INSTRUCTIONS FOR THE TASK -> Exactly the lines below starting at the line with "Boxspring Ágy Matrac" and ending at the line with "Pantalon ample à" are wanted, with both ends included. Leave out the pictures and add no other lines.

THE RECORDS ->

Start of Block

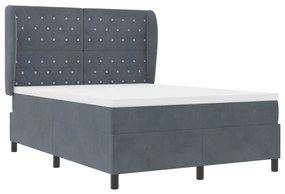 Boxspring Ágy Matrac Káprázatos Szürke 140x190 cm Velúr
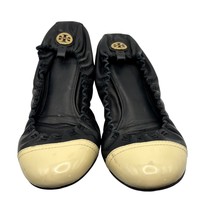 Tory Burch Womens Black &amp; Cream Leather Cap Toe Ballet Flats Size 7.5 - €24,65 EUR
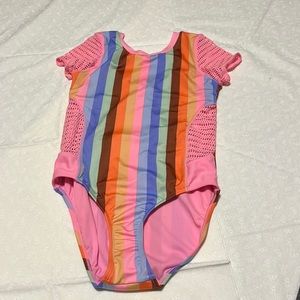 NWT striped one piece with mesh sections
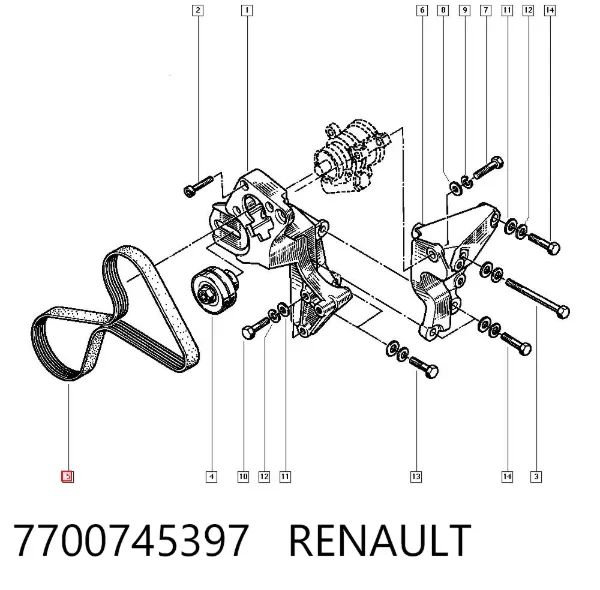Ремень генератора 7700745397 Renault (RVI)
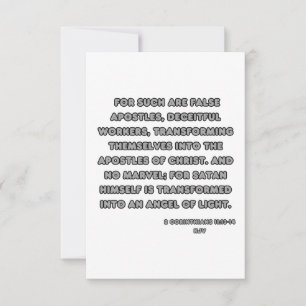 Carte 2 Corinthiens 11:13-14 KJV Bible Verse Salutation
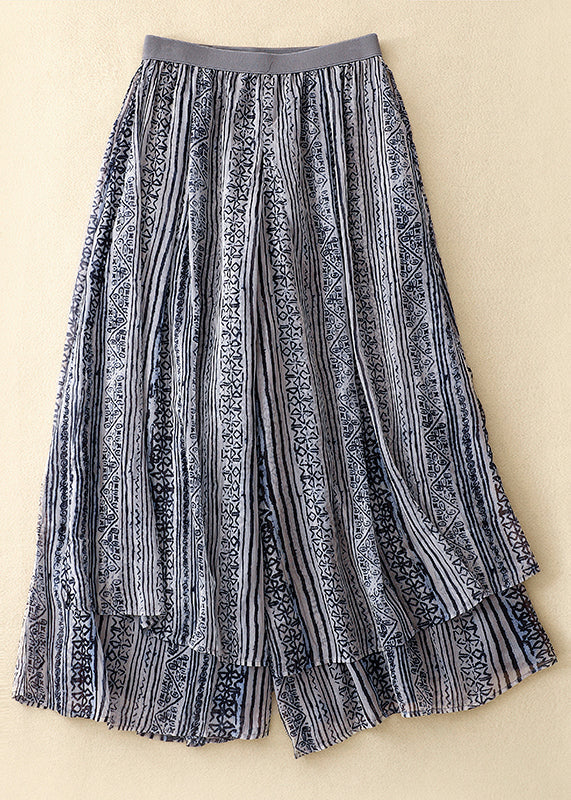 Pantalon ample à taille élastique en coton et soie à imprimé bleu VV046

End of Block
Start of Block

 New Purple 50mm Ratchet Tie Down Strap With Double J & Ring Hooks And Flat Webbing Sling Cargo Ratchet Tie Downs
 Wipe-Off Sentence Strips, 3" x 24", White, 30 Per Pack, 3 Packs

End of Block

RESPONSE TO THE TASK ->
 Boxspring Ágy Matrac Káprázatos Szürke 140x190 cm Velúr
 Tory Burch Womens Black &amp; Cream Leather Cap Toe Ballet Flats Size 7.5 - €24,65 EUR
 NWT striped one piece with mesh sections
Ремень генератора 7700745397 Renault (RVI)
 Carte 2 Corinthiens 11:13-14 KJV Bible Verse Salutation
 Pantalon ample à taille élastique en coton et soie à imprimé bleu VV046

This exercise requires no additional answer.